=== BRIEF ===
From the first line to the last, restate the records word for word, skipping the pictures.

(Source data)
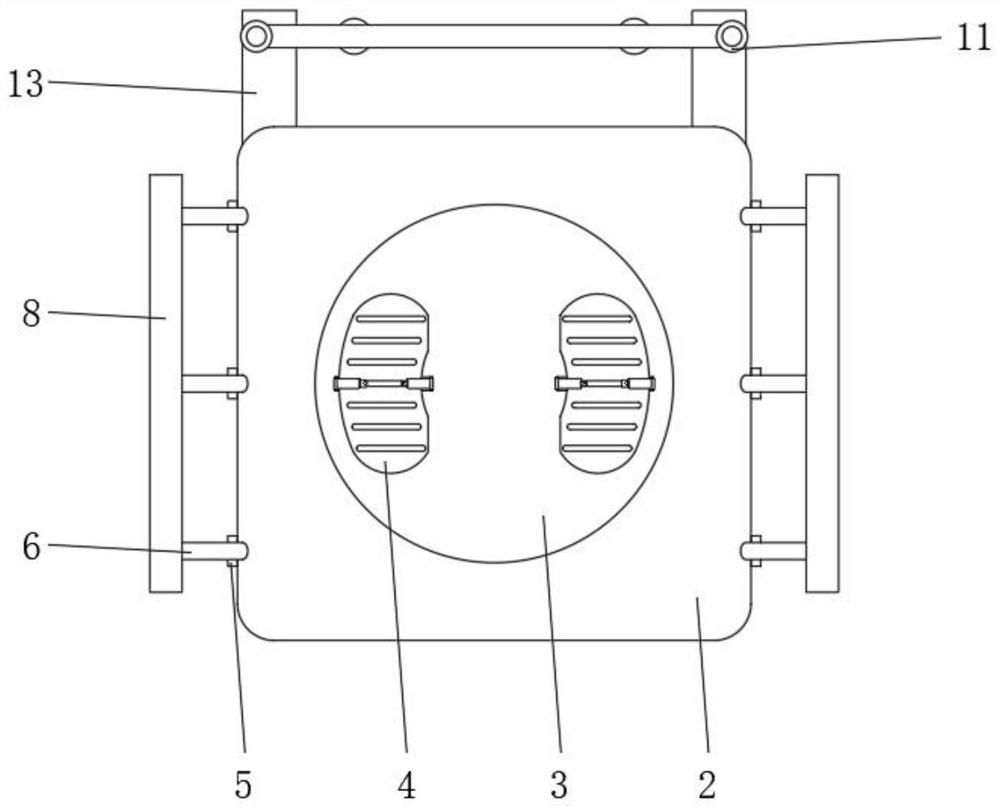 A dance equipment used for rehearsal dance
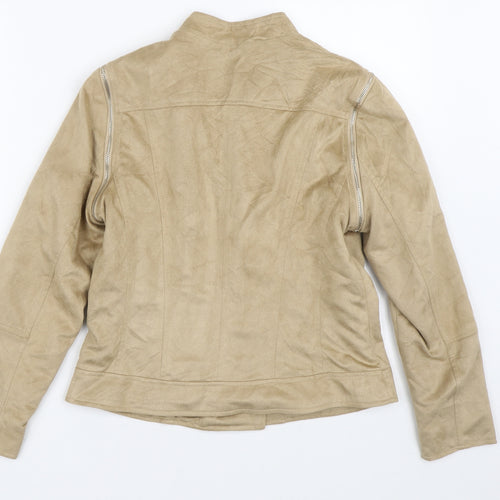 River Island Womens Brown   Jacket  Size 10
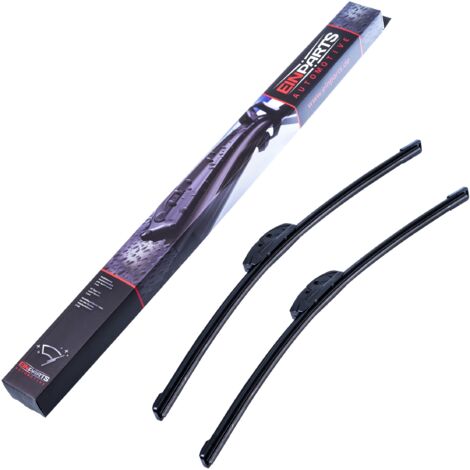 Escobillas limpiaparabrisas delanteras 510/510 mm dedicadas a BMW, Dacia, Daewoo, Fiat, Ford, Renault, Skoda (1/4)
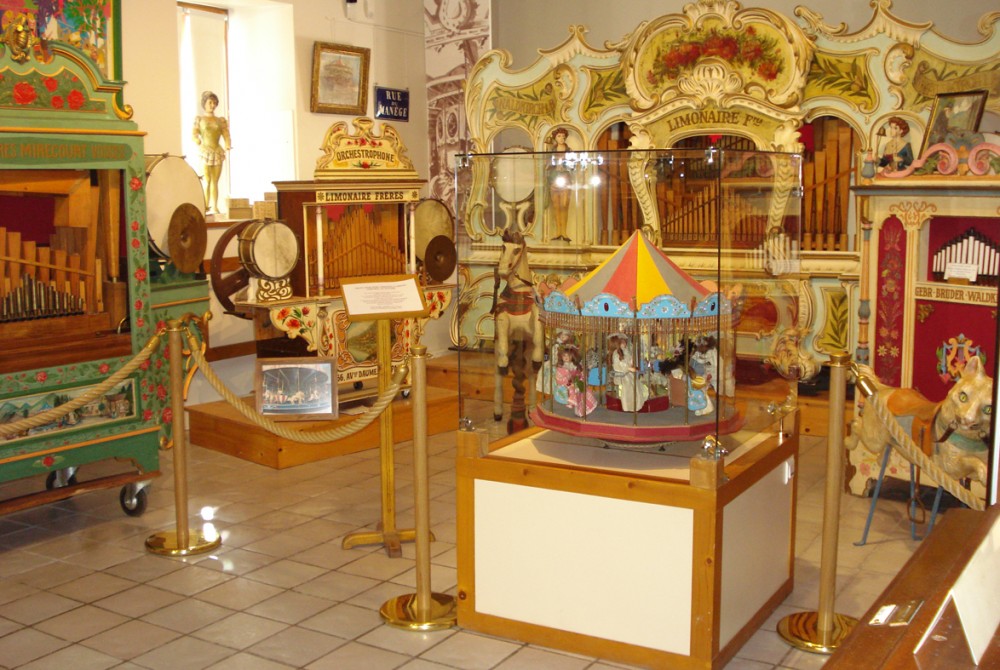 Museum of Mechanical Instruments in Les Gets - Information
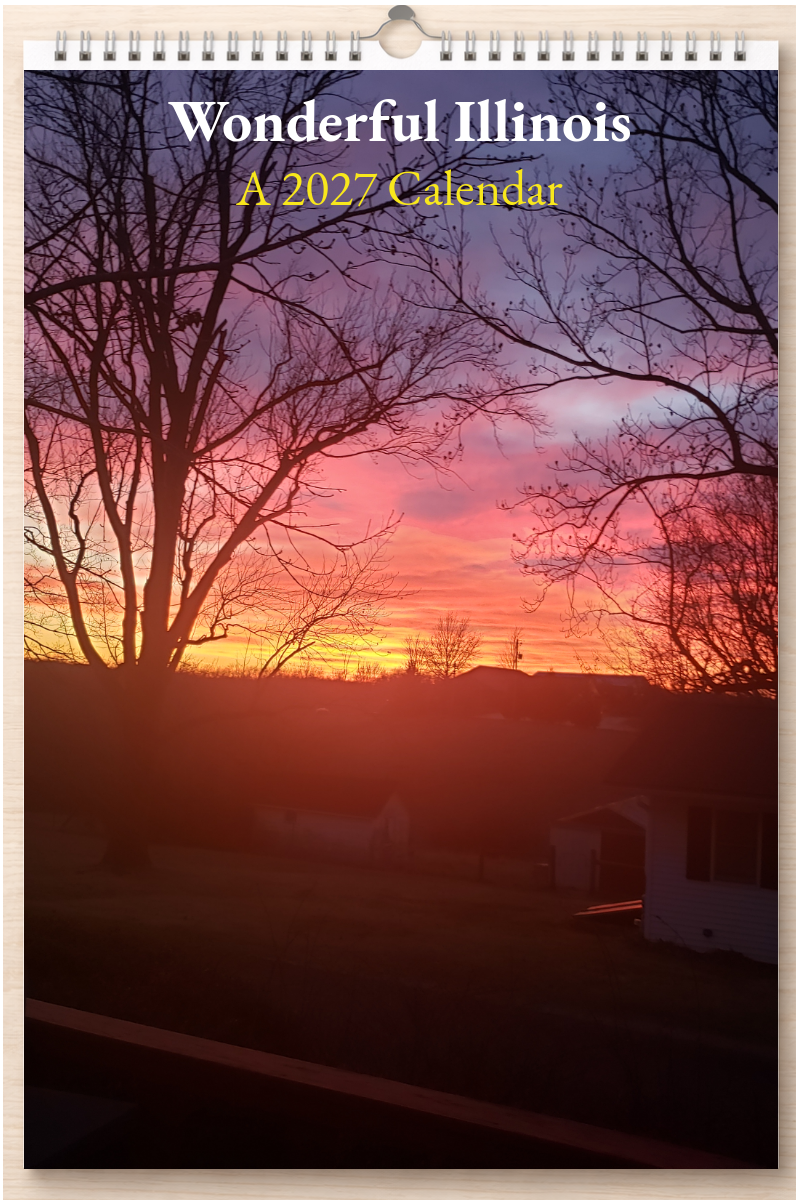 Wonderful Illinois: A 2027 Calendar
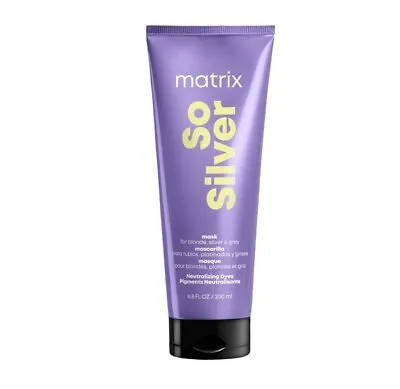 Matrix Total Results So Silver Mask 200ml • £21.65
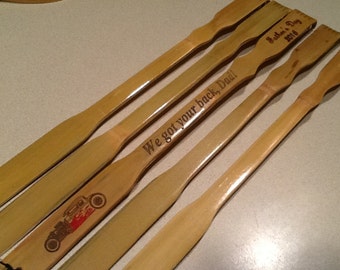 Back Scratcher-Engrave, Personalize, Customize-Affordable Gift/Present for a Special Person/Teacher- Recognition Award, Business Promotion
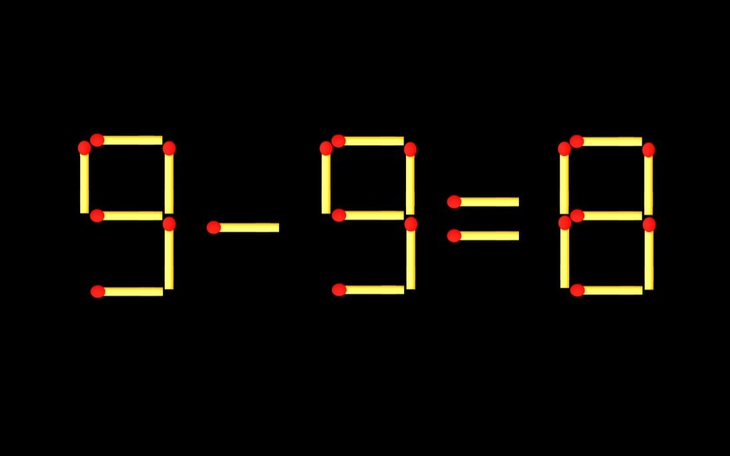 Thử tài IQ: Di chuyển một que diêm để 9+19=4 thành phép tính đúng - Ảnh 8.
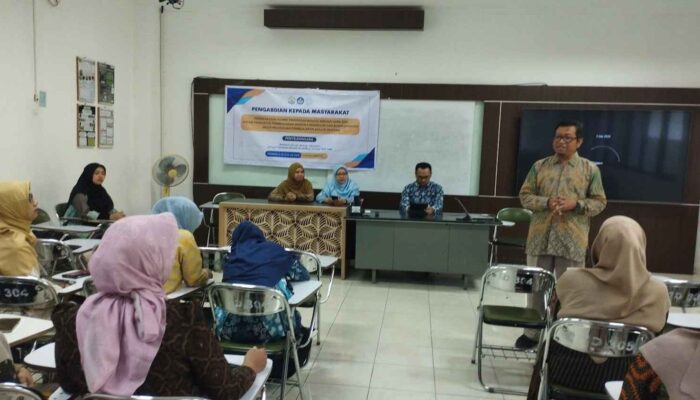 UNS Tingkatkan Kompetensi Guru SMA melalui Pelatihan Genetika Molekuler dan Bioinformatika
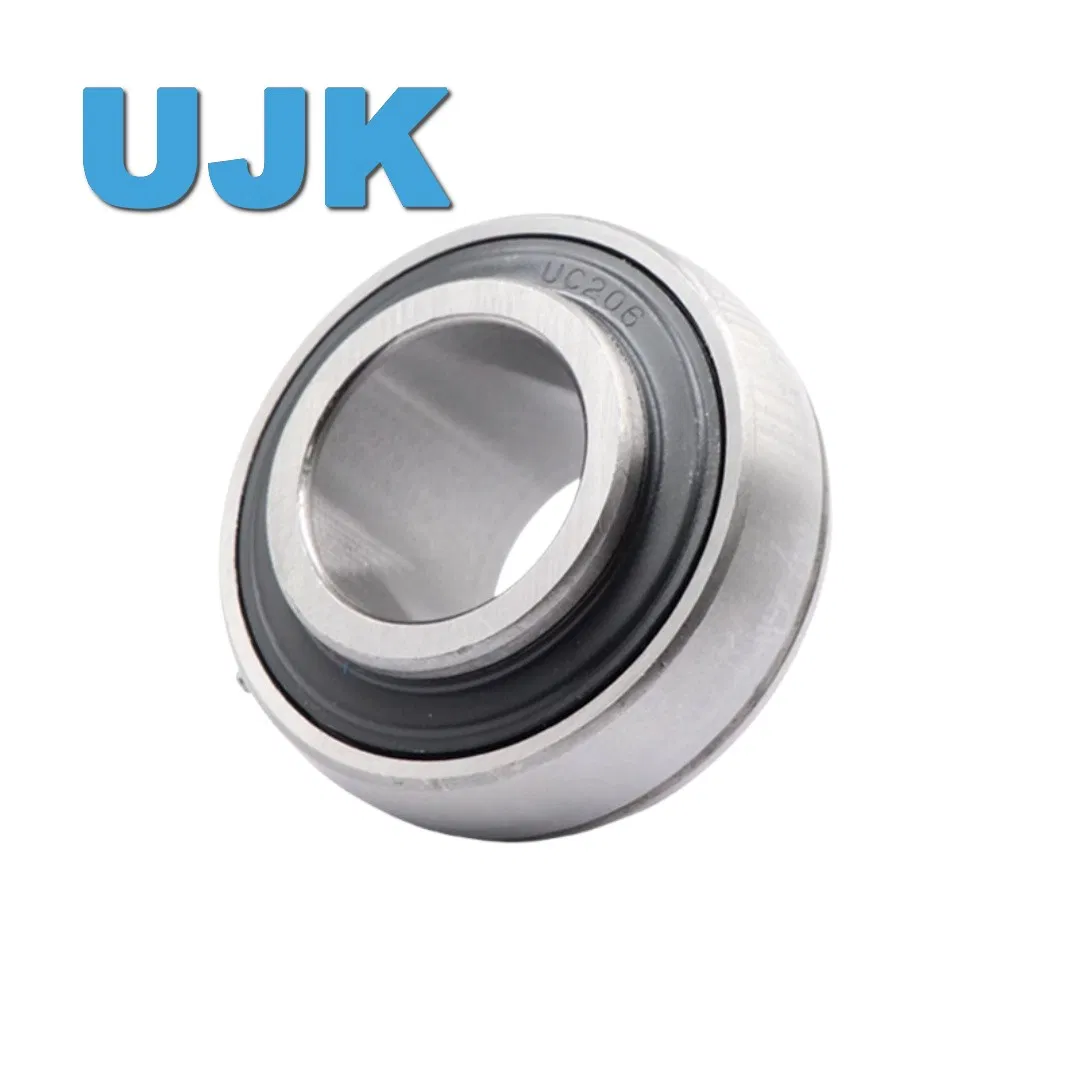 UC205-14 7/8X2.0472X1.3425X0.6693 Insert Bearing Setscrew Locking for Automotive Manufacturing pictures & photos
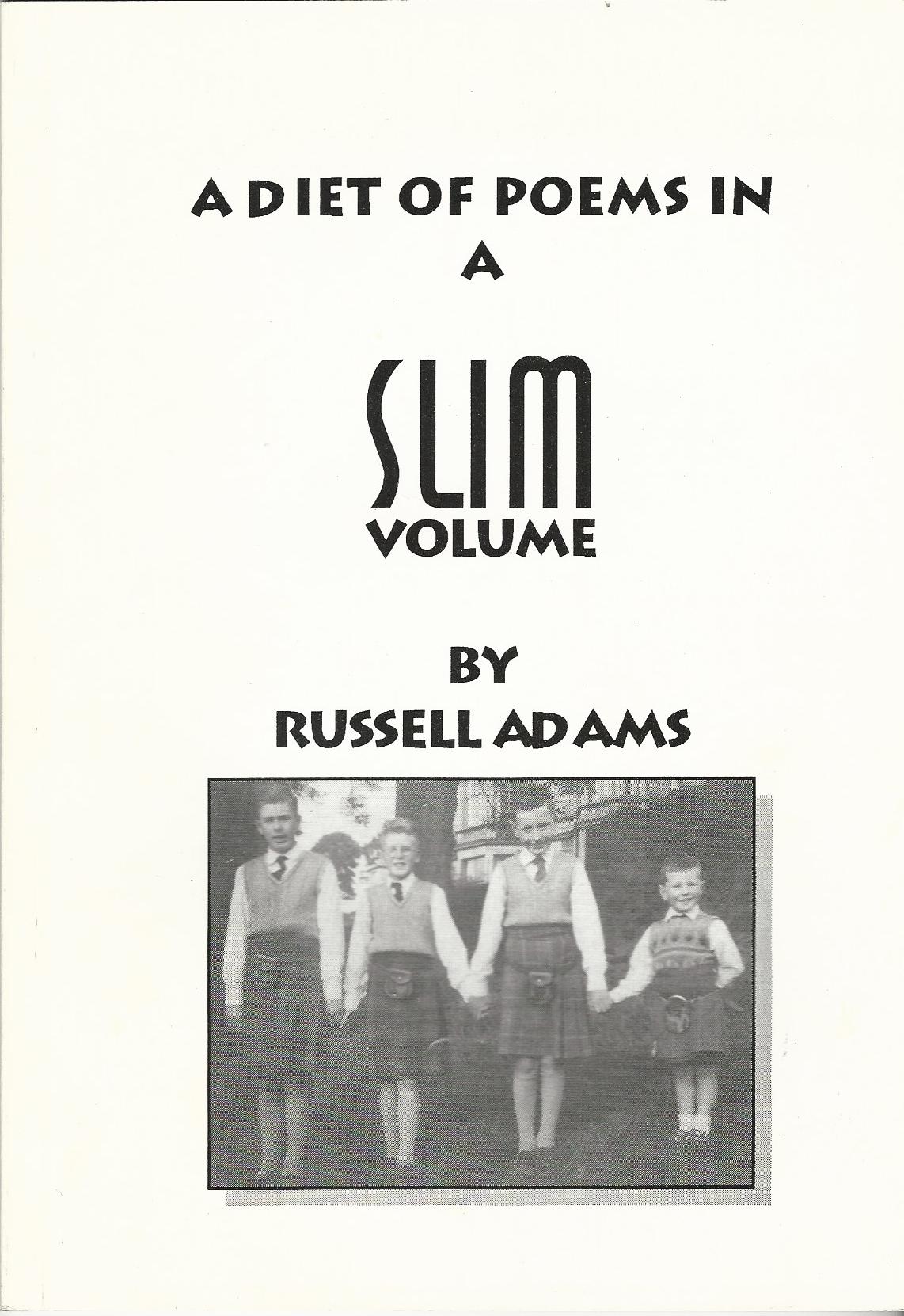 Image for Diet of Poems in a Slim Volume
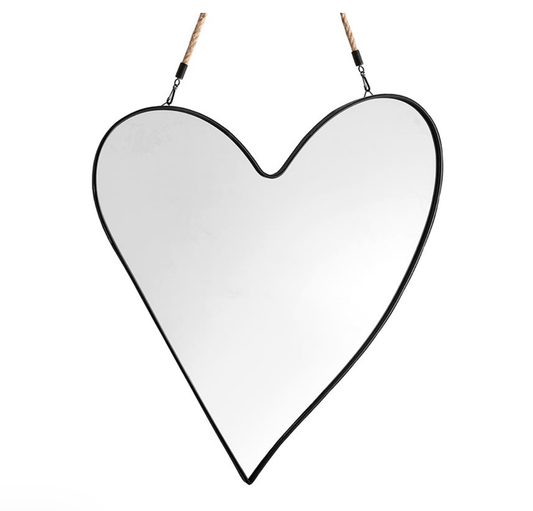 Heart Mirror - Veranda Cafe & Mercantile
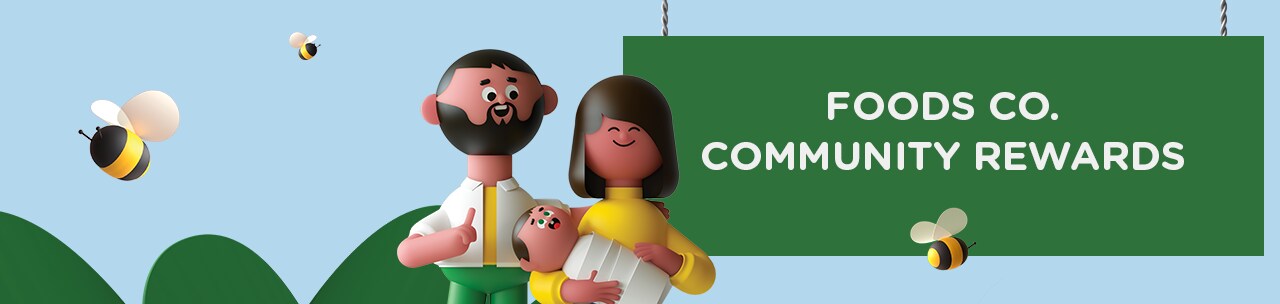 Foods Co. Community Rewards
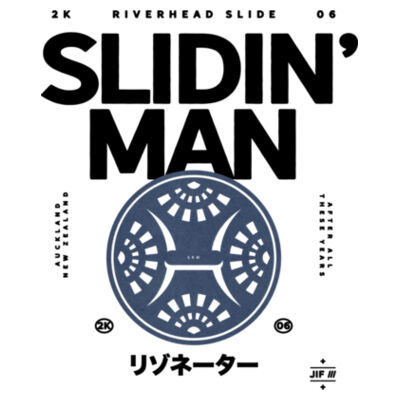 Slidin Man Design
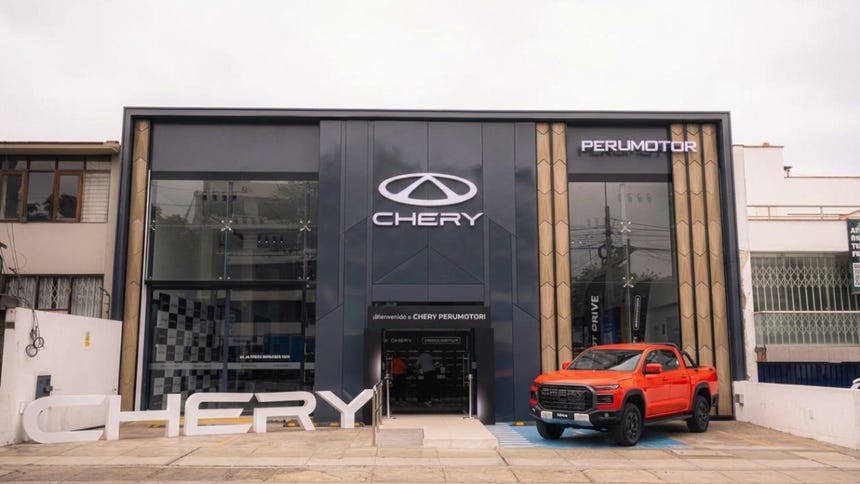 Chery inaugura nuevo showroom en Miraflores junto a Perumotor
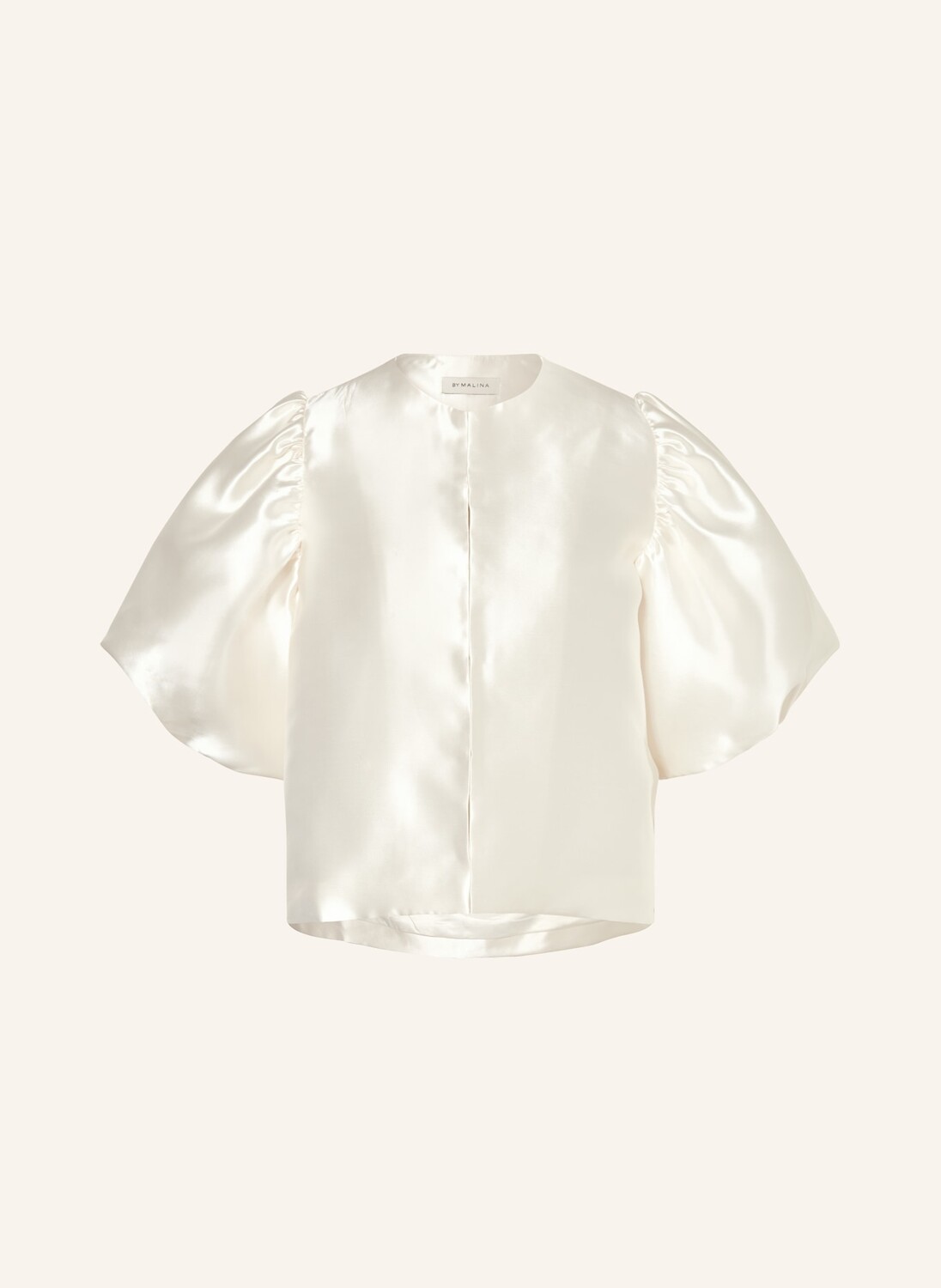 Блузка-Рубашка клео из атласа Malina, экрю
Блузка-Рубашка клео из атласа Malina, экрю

=== RESULT ===
 A dance equipment used for rehearsal dance
 River Island Womens Brown   Jacket  Size 10
 Escobillas limpiaparabrisas delanteras 510/510 mm dedicadas a BMW, Dacia, Daewoo, Fiat, Ford, Renault, Skoda (1/4)
 Museum of Mechanical Instruments in Les Gets - Information
 Wonderful Illinois: A 2027 Calendar
 Matrix Total Results So Silver Mask 200ml • £21.65
 Back Scratcher-Engrave, Personalize, Customize-Affordable Gift/Present for a Special Person/Teacher- Recognition Award, Business Promotion
 Thử tài IQ: Di chuyển một que diêm để 9+19=4 thành phép tính đúng - Ảnh 8.
 UNS Tingkatkan Kompetensi Guru SMA melalui Pelatihan Genetika Molekuler dan Bioinformatika
 UC205-14 7/8X2.0472X1.3425X0.6693 Insert Bearing Setscrew Locking for Automotive Manufacturing pictures & photos
 Image for Diet of Poems in a Slim Volume
 Heart Mirror - Veranda Cafe & Mercantile
 Foods Co. Community Rewards
 Slidin Man Design
 Chery inaugura nuevo showroom en Miraflores junto a Perumotor
 Блузка-Рубашка клео из атласа Malina, экрю
Блузка-Рубашка клео из атласа Malina, экрю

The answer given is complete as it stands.